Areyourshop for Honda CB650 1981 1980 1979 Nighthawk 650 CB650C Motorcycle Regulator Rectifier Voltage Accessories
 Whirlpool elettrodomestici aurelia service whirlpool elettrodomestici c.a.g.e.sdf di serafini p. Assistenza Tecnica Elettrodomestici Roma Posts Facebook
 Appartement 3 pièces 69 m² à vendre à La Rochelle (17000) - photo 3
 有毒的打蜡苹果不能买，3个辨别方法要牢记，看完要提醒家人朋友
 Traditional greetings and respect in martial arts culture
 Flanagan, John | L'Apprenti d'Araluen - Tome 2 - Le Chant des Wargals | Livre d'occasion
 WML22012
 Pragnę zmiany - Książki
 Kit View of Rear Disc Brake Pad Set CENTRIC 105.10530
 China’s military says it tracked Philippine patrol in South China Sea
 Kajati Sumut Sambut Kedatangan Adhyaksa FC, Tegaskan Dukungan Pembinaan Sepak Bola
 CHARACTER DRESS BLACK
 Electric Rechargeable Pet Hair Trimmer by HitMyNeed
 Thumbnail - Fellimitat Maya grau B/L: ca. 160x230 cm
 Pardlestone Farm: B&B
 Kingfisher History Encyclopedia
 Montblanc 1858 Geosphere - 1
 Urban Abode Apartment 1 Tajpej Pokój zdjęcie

Your task >>
What's needed is a word-for-word copy of the lines from the one holding "Flanagan, John |" through the final line of the data.

Solution for this problem >>
 Flanagan, John | L'Apprenti d'Araluen - Tome 2 - Le Chant des Wargals | Livre d'occasion
 WML22012
 Pragnę zmiany - Książki
 Kit View of Rear Disc Brake Pad Set CENTRIC 105.10530
 China’s military says it tracked Philippine patrol in South China Sea
 Kajati Sumut Sambut Kedatangan Adhyaksa FC, Tegaskan Dukungan Pembinaan Sepak Bola
 CHARACTER DRESS BLACK
 Electric Rechargeable Pet Hair Trimmer by HitMyNeed
 Thumbnail - Fellimitat Maya grau B/L: ca. 160x230 cm
 Pardlestone Farm: B&B
 Kingfisher History Encyclopedia
 Montblanc 1858 Geosphere - 1
 Urban Abode Apartment 1 Tajpej Pokój zdjęcie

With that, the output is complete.